Март верит ему сразу и безоговорочно — это заметно по его потрясённому, побледневшему лицу.

— Я ничего про него не знал, — с усилием заканчивает Зеф, облизав губы. — Не знал. Мы в клубе познакомились… он сперва просто подкатил ко мне, но я отказался… чуял в нём что-то тухлое… тёмное что-то. Но мне деньги позарез нужны стали, я сдуру в одну историю влип… — он кое-как усмехается, — в общем, идиот… а он… Чекан… мне штуку баксов предложил, чтобы, типа, все проблемы мои решить. Штуку за ночь. И я взял. Так что так мне и надо, — со стоном вырывается у него то, о чём он всё это время отчаянно думал. — Я и вправду проститутка. Так мне и надо.

Март кладёт руку ему на плечо, но Зеф снова пытается отпрянуть. Жалость Марта ему не нужна. В конце концов, тот прошлой ночью сам его изнасиловал, жалельщик!

— Твоя семья где? — вдруг спрашивает Март, легонько прижимая его к постели.

— Уже нигде, — вяло отвечает Зеф, отказавшись от попыток вырваться. — Отец на Севере, на заработках. Последний раз из Де-Кастри писал. Мать давно умерла. А бабушка — в прошлом году. Дом мне оставила. Так эти уроды его спалили, когда меня искали. Чекана до чертей закусило, что я сбежал.

— А как ты сбежал? — спрашивает Март, не отпуская его плеча. Даже поглаживает легко, как щенка, которого не хочет отпугнуть.

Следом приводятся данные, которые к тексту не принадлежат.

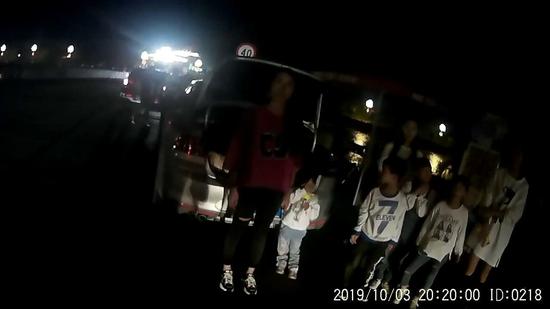 监控画面显示的交警查货现场。 受访者 供图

— Повезло, — поясняет Зеф, снова облизнув спёкшиеся губы. — Когда я отрубился, они меня там и бросили. В подвале этом грёбаном, в гараже. Наручники слабо закрепили, и не в размер они мне оказались, — он крутит запястьем. — Рука тонкая. Я прочухался и вывернулся из них. Отцепил. Там две тачки стояли, в одной ключи зажигания остались. Я туда залез и сидел там. Внутри. Старался не вырубиться. Ждал. И дождался… один из них… из его псов… вернулся, дверь отпер и зашёл. Ну, я и дал по газам. Чуть не сбил его, но не сбил всё-таки. Гнал как чёрт. Тачку потом у метро бросил. В ментовку не пошёл: у него там всё схвачено, говорят, у Чекана-то. Да и кто меня послушает — я же бабло у него взял, пидор рваный. А в Москве затеряться легко. Я и затерялся. В общагу не вернулся, чтобы никого не подставлять, вообще на дно лёг. Только ненадолго. Всё равно нашли. Он нашёл… и ты.